Depending on the etiology and pathophysiology of hematuria, urinary bleeding is classified as glomerular hematuria or nonglomerular hematuria. Nephritis is usually detected by the presence of proteinuria, especially elevated albumin excretion. In this study, we report on the use of the urinary albumin-to-total-protein ratio to accurately differentiate glomerular and nonglomerular bleeding.Methods.
A total of 143 fresh, random urine specimens demonstrating microscopic hematuria (5 or more red blood cells per high-power field) from patients with the source of the hematuria confirmed by histopathology and/or clinical criteria were included in the study.Results.

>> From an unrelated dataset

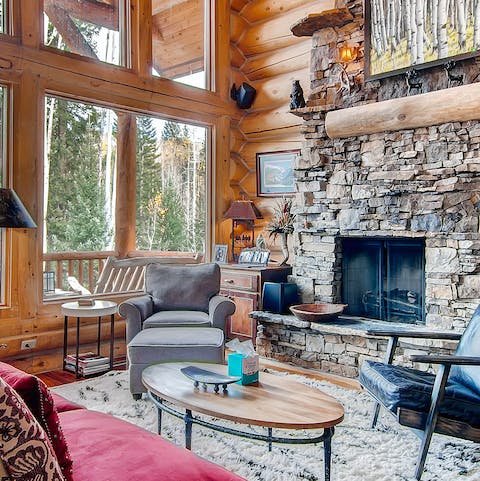 Curl up with a book beside the large stone hearth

Of the 143 specimens, 104 were from patients diagnosed with glomerular disease and 39 were from patients with nonglomerular disease. Corrected for urine concentration, the mean total-protein-to-creatinine (Cr) and albumin-to-Cr ratios in the glomerular disease group were 1.67 ± 2.71 g/g Cr and 1.15 ± 1.77 g/g Cr, respectively (P < 0.001). In the nonglomerular group, the mean total protein-to-Cr and albumin-to-Cr ratios were 0.19 ± 0.23 g/g Cr and 0.05 ± 0.06 g/g Cr, respectively (P < 0.001). However, considerable overlap in the ratios among glomerular and nonglomerular disease groups was observed. In contrast, the mean albumin-to-total protein ratios for glomerular and nonglomerular diseases were 0.72 ± 0.10 and 0.35 ± 0.17, respectively (P < 0.001). At a cutoff of 0.59, the albumin-to-total-protein ratio demonstrated a sensitivity of 97.1% (101 of 104 cases) in detecting glomerular disease.Conclusions.
The urinary albumin-to-total-protein ratio is potentially a useful index for the differentiation of glomerular and nonglomerular disease in the presence of microscopic hematuria.